The books marked the centennary of the Swedish emigration to North America, and were praised by critics. They have been adapted as a 1970s series starring Max von Sydow and Liv Ullmann, and the 1995 stage musical Kristina från Duvemåla. Since 2025, they are included with the Swedish canon.
Destinations
[edit]Sweden
[edit]- 1 House of Emigrants (Utvandrarnas Museum), Vilhelm Mobergs gata 4 (Växjö). A museum concerning the great emigration from Sweden in general and from Småland in particular in the 19th century.
- 2 Joe Hill Museum (Gävle). This was the birthplace in 1879 of Joel Emmanuel Hägglund, better known as Joe Hill. In 1902 he emigrated to the USA, where he became a labor organizer, song-writer and activist for "Industrial Workers of the World", the "Wobblies". In 1914 a Salt Lake City grocer and his son were shot dead by two intruders; Joe Hill came to a local doctor that evening with a gunshot wound to his chest. He was eventually convicted of the murder, and executed by firing squad in Nov 1915. The prosecution case was shaky and his many supporters believed he was shot for being a "wobbly", but his refusal to convincingly explain his wound sealed his fate.
- 3 Karlshamn (Blekinge). Where the Nilsson family in The Emigrants boarded the brig Charlotta to America.
- Duvemåla, Emmaboda, Småland
United States
[edit]- New Sweden was the largest Swedish territory outside Europe. It included both banks of the Delaware River, from the Atlantic up to present-day Philadelphia. The colony was established in 1638 by the Swedish South Company, when Fort Christina was set up in what is now Wilmington. The colony was invaded by the Dutch in 1655 and incorporated into New Netherlands, and while many residents stayed, large scale Swedish immigration to the US wouldn't begin until two hundred years later.
- 4 Battery Park (Manhattan Financial District, New York City). A waterfront green space, named for the artillery batteries which were installed here to protect the settlement of New York when it was under Dutch, then British rule. During the mid-19th century, the Castle Clinton was converted into an immigration and customs center.
- 5 Solvang (California). The city is Danish-themed as if it were the Danishland section of Disneyland, since it was founded by Danish immigrants and quite a few Danish descendants live here.
- 6 Andersonville (Chicago).
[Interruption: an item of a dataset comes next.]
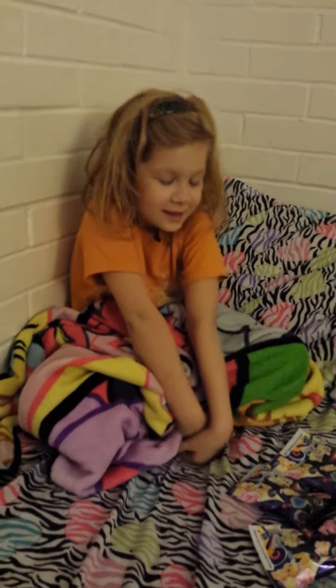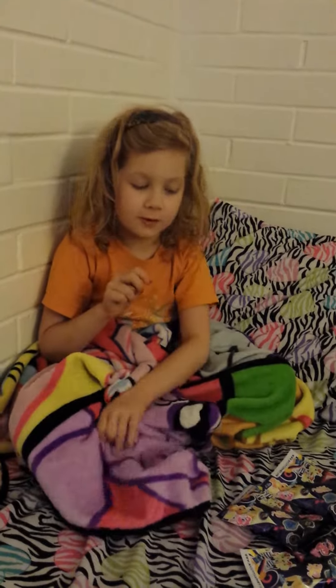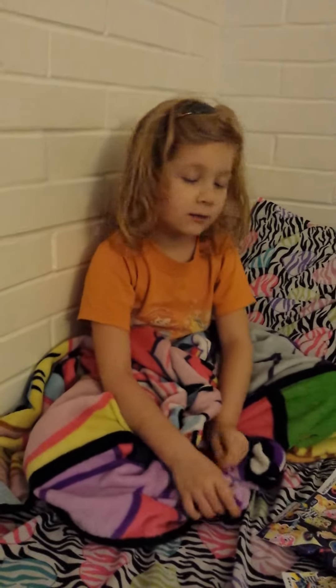Hi guys, it's me Ayla here and I'm going to open up three My Little Pony blind bags. I have no idea what's in here, so let's open them.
A neighbourhood originally settled by Swedish immigrants. Today, it's mainly known as the hub of Chicago's lesbian community, though a few Swedish restaurants and bakeries remain.
- 7 Ballard (Seattle, Washington). Traditionally the home of Seattle's Scandinavian immigrants. Though now a trendy neighborhood, Ballard still preserves some of its Scandinavian atmosphere. Home of the National Nordic Museum.
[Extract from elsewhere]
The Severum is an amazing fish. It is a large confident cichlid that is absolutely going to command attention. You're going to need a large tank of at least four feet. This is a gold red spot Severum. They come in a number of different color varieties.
- Minnesota and North Dakota, the destinations of many Nordic emigrants, prominently celebrate their Nordic heritage statewide.
- 1 Karl Oskar Days (Lindstrom, Minnesota). Lindstrom is known as "America's Little Sweden", northeast on 35E from Minneapolis. The Karl Oskar Days are a celebration of Swedish writer Vilhelm Moberg's Emigrants series, about Swedish settlers in Minnesota.
- 8 Hjemkomst Center (Moorhead, Minnesota). The star attraction of this local museum is the Hjemkomst, a replica Viking ship built by a local family that actually sailed from Duluth across the Atlantic to Norway in 1982. There's also a full-scale replica of the wooden Scandinavian Stave Church in Vikøyri.